=== YOUR ASSIGNMENT ===
Output, word for word and without pictures, the lines from the one containing "Photo 4 of Sale" through the final line of the listing below.

=== INFORMATION SHOWN ===
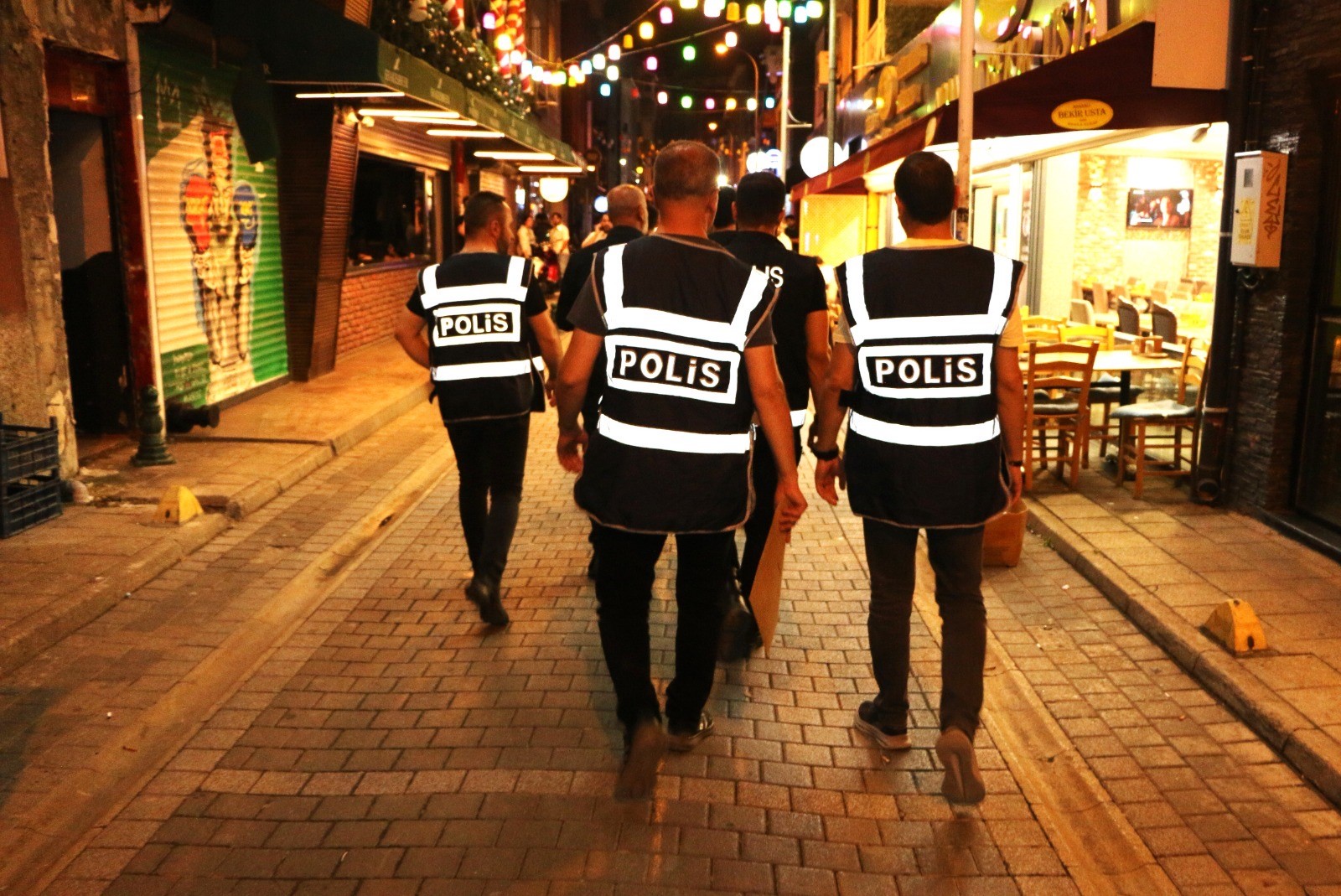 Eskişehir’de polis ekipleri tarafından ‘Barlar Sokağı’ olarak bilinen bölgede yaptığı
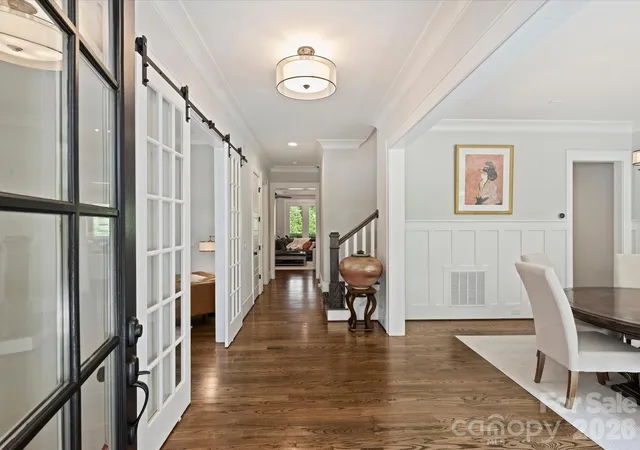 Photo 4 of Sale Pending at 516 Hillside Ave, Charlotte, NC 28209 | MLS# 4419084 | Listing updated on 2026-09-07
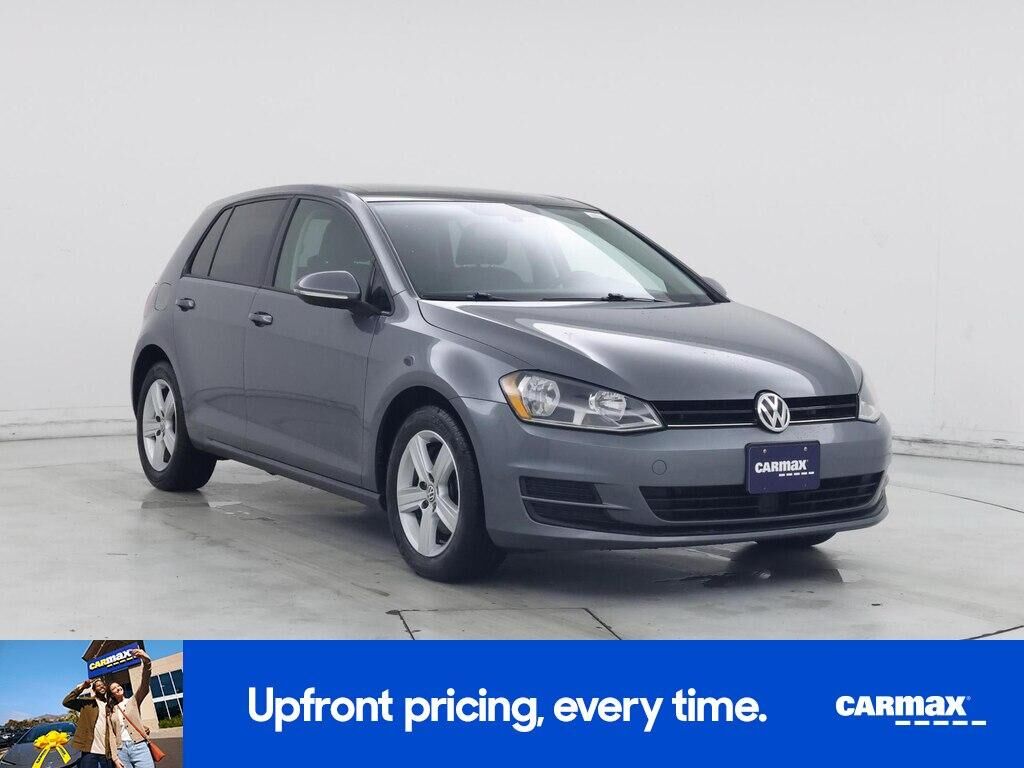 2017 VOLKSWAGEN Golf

=== SOLUTION FOR THIS TASK ===
 Photo 4 of Sale Pending at 516 Hillside Ave, Charlotte, NC 28209 | MLS# 4419084 | Listing updated on 2026-09-07
 2017 VOLKSWAGEN Golf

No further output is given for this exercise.